Problem to solve ->
Exactly the lines below from the one with "Rainbow Daffodin Spring" up to and including the one with "1597581 Minnesota License Plate" make up the answer, with nothing else added.

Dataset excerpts
%%
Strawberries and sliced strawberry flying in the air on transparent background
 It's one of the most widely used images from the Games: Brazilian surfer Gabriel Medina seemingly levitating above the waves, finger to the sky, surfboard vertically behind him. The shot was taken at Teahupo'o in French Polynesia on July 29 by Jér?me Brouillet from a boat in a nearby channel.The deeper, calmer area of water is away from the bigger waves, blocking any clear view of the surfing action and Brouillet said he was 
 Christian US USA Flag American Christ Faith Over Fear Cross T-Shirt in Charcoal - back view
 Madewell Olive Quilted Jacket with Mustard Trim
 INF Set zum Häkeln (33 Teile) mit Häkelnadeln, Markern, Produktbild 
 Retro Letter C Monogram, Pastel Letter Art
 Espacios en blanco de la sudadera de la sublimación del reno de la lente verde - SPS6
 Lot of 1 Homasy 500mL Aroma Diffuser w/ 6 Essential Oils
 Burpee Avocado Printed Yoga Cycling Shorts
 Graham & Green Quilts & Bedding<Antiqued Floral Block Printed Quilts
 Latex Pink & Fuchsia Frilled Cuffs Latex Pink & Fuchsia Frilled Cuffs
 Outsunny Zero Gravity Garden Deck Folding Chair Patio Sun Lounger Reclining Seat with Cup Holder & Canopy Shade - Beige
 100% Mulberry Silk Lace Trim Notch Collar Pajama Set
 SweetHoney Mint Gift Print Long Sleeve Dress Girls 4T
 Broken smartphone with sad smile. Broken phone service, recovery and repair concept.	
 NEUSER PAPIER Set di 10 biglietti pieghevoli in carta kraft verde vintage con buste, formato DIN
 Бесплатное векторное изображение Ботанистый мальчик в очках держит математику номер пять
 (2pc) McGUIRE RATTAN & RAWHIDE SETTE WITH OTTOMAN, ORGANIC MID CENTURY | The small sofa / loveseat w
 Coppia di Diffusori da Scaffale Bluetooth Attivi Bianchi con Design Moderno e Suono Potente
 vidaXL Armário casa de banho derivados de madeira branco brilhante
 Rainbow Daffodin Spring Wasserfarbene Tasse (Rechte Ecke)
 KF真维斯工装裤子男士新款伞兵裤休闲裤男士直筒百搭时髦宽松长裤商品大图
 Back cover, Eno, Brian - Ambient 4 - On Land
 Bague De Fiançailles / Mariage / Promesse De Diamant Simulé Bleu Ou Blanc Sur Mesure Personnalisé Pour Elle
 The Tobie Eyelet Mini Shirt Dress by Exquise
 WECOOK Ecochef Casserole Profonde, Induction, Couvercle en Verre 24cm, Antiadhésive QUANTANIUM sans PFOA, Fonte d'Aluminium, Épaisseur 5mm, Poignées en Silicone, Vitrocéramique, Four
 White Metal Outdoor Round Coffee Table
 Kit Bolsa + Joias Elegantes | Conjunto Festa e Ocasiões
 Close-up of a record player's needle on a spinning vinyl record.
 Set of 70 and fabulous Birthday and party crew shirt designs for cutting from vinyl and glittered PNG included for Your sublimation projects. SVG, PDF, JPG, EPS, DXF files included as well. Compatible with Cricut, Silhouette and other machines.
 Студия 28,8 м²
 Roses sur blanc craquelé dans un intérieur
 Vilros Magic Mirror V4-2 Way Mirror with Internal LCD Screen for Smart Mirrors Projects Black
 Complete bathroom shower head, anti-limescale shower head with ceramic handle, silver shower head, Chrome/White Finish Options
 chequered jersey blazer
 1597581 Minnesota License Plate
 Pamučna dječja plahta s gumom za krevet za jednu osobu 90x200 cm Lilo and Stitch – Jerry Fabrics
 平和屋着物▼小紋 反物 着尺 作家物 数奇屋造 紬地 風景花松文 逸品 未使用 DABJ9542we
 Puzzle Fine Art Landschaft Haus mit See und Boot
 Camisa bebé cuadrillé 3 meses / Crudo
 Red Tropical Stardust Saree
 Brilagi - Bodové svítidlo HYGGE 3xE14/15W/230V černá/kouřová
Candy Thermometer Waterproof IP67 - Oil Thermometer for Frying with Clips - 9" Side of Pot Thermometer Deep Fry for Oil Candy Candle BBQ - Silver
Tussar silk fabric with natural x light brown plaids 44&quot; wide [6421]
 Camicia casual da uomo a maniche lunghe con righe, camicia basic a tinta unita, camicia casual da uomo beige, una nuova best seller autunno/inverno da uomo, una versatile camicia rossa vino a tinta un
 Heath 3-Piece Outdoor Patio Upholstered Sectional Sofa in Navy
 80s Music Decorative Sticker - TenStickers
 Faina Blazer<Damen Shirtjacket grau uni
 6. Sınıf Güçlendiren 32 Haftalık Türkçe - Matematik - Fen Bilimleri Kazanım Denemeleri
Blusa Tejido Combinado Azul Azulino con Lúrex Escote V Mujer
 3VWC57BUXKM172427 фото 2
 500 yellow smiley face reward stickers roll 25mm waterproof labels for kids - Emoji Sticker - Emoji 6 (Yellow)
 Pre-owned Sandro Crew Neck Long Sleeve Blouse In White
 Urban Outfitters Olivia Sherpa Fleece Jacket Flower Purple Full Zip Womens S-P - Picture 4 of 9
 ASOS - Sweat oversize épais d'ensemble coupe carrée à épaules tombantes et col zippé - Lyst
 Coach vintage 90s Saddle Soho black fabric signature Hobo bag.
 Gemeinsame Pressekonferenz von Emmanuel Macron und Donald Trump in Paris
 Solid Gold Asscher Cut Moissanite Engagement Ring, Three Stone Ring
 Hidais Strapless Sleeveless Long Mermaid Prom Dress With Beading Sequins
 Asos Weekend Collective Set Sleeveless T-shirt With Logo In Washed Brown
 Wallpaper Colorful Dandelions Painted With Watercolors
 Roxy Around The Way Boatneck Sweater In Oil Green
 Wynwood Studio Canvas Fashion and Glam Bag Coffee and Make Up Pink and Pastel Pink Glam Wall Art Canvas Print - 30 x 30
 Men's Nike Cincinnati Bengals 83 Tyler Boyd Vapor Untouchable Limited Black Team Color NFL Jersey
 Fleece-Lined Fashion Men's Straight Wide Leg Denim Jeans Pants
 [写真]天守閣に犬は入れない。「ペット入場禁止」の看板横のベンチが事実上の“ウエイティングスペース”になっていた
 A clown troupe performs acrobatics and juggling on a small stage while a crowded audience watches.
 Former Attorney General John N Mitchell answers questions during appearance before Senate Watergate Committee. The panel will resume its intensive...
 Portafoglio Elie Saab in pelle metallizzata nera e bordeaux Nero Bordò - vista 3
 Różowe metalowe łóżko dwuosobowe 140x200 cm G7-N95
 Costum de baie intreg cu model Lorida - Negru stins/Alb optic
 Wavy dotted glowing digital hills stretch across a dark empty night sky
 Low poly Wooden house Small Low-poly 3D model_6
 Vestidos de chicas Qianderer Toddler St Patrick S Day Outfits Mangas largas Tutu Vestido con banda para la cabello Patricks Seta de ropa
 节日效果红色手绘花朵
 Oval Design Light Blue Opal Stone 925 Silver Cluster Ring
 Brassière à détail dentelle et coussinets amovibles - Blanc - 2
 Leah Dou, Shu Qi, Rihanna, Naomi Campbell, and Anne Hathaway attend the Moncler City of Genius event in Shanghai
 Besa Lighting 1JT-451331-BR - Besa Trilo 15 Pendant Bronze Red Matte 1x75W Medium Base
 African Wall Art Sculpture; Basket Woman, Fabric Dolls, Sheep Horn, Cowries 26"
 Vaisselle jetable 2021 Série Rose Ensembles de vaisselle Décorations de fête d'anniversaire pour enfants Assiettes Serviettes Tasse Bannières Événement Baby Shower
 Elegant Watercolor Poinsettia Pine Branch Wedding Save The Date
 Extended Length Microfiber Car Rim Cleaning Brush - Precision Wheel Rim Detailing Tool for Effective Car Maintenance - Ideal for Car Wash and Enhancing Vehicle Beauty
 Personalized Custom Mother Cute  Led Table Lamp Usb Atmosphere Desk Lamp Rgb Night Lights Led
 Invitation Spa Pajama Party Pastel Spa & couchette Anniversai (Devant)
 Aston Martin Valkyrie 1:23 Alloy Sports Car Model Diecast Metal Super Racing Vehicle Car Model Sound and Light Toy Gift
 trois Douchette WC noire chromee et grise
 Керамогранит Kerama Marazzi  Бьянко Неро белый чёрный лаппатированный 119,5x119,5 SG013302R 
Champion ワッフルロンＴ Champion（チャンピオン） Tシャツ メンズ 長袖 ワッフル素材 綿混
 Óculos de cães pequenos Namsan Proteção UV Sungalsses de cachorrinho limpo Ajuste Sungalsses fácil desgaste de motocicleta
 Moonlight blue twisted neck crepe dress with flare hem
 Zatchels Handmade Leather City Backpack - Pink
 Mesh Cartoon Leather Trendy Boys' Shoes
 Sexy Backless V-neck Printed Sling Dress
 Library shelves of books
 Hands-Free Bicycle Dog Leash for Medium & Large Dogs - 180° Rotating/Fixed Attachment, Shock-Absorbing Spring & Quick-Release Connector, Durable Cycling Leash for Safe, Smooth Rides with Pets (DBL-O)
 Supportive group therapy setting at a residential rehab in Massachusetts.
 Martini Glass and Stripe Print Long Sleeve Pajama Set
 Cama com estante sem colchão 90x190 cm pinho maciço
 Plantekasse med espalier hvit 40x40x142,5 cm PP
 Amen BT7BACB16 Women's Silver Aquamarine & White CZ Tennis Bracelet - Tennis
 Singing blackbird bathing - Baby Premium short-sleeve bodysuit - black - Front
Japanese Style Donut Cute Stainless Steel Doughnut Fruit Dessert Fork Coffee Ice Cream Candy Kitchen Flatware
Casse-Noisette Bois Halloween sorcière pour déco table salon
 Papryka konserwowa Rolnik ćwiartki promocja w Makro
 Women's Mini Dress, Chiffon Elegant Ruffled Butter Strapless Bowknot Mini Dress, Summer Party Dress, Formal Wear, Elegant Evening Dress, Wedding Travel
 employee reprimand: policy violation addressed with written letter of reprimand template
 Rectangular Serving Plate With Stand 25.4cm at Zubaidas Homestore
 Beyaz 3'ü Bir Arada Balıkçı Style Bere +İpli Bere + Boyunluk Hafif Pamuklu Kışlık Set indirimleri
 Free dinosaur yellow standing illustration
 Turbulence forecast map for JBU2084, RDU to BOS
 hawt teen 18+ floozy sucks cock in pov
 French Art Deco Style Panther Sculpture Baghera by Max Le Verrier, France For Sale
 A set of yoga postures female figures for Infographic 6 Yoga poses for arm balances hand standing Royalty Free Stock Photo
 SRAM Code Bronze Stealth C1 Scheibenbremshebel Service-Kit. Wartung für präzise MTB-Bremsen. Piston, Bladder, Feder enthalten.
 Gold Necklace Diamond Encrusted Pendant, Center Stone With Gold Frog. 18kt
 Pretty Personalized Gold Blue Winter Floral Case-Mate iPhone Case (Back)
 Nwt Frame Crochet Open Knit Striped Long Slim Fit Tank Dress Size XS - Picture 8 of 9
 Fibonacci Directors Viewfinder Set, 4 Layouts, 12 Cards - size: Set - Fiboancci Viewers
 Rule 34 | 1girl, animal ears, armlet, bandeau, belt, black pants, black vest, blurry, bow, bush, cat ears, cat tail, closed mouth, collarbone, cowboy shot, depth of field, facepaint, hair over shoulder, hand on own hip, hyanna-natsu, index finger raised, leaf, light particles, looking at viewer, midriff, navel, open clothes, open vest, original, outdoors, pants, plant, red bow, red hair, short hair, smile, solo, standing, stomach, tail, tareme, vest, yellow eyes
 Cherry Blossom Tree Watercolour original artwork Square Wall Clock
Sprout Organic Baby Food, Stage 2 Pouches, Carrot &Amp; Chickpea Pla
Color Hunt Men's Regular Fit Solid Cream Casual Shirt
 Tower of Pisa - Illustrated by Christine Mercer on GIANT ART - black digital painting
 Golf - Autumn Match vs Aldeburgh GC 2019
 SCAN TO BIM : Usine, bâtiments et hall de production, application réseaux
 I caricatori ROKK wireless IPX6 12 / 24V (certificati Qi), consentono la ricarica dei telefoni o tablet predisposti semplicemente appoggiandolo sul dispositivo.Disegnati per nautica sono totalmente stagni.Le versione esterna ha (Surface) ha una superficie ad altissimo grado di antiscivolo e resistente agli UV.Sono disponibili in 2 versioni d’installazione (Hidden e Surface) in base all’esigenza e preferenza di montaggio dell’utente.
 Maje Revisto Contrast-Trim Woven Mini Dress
%%
Answer below ->
 Rainbow Daffodin Spring Wasserfarbene Tasse (Rechte Ecke)
 KF真维斯工装裤子男士新款伞兵裤休闲裤男士直筒百搭时髦宽松长裤商品大图
 Back cover, Eno, Brian - Ambient 4 - On Land
 Bague De Fiançailles / Mariage / Promesse De Diamant Simulé Bleu Ou Blanc Sur Mesure Personnalisé Pour Elle
 The Tobie Eyelet Mini Shirt Dress by Exquise
 WECOOK Ecochef Casserole Profonde, Induction, Couvercle en Verre 24cm, Antiadhésive QUANTANIUM sans PFOA, Fonte d'Aluminium, Épaisseur 5mm, Poignées en Silicone, Vitrocéramique, Four
 White Metal Outdoor Round Coffee Table
 Kit Bolsa + Joias Elegantes | Conjunto Festa e Ocasiões
 Close-up of a record player's needle on a spinning vinyl record.
 Set of 70 and fabulous Birthday and party crew shirt designs for cutting from vinyl and glittered PNG included for Your sublimation projects. SVG, PDF, JPG, EPS, DXF files included as well. Compatible with Cricut, Silhouette and other machines.
 Студия 28,8 м²
 Roses sur blanc craquelé dans un intérieur
 Vilros Magic Mirror V4-2 Way Mirror with Internal LCD Screen for Smart Mirrors Projects Black
 Complete bathroom shower head, anti-limescale shower head with ceramic handle, silver shower head, Chrome/White Finish Options
 chequered jersey blazer
 1597581 Minnesota License Plate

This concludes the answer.